> What is required: Begin at the line that has "APRILSKIN Máscara facial", stop after the line that has "Buy MOTHER SPF", and print exactly those lines from the records below, without any pictures.

> Available records:
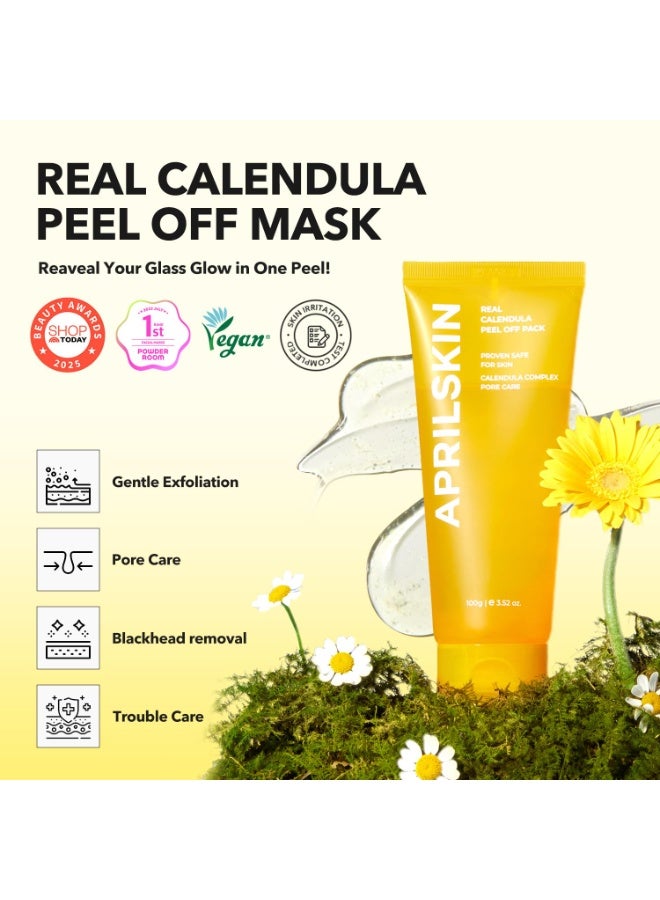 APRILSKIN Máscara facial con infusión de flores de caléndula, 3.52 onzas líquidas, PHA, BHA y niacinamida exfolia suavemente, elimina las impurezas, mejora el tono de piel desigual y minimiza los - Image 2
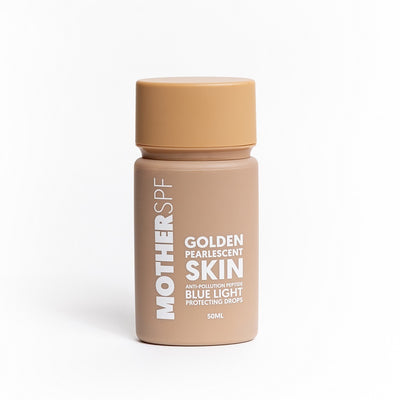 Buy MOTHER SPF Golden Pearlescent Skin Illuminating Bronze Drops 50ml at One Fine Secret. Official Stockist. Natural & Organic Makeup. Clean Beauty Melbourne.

==

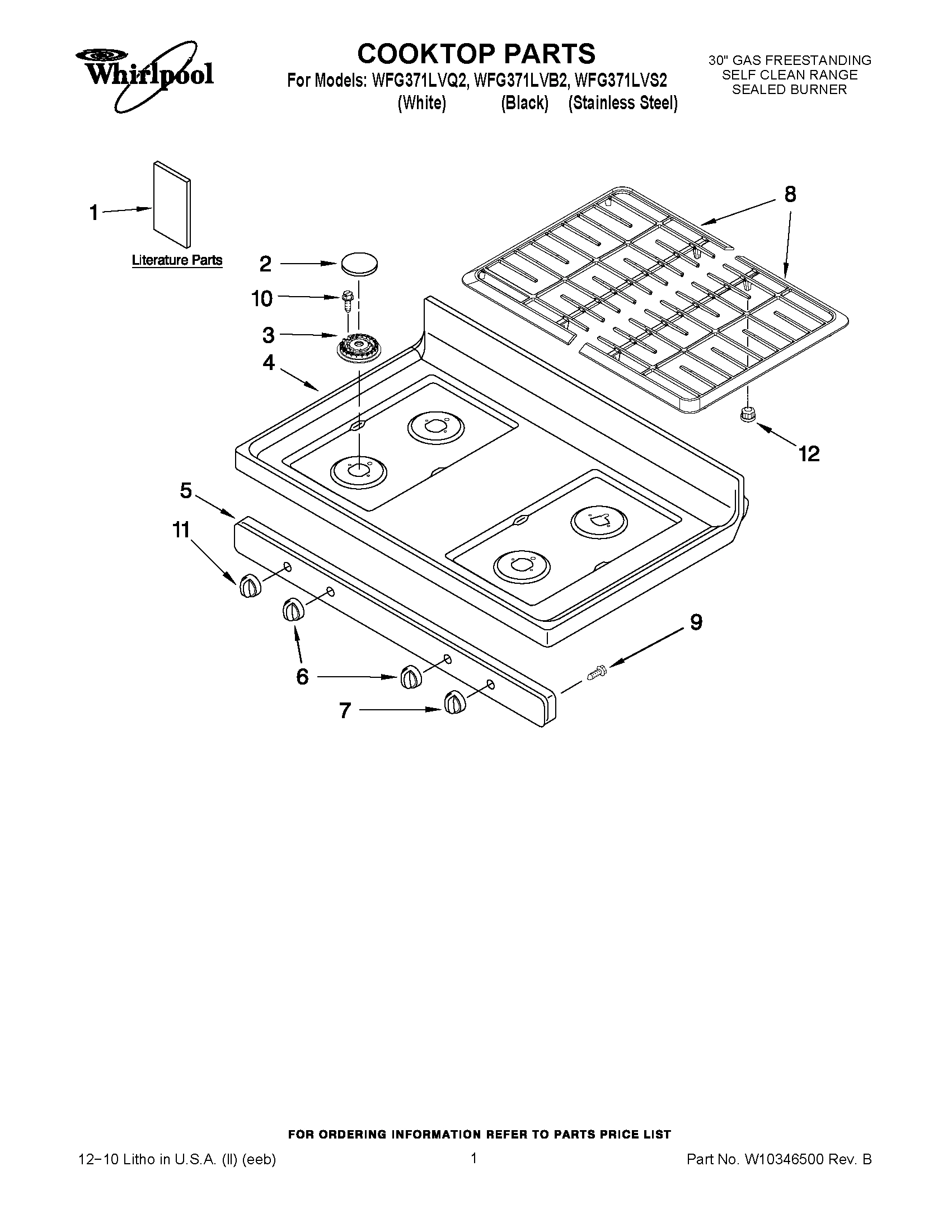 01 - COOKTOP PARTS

> Answer space:
 APRILSKIN Máscara facial con infusión de flores de caléndula, 3.52 onzas líquidas, PHA, BHA y niacinamida exfolia suavemente, elimina las impurezas, mejora el tono de piel desigual y minimiza los - Image 2
 Buy MOTHER SPF Golden Pearlescent Skin Illuminating Bronze Drops 50ml at One Fine Secret. Official Stockist. Natural & Organic Makeup. Clean Beauty Melbourne.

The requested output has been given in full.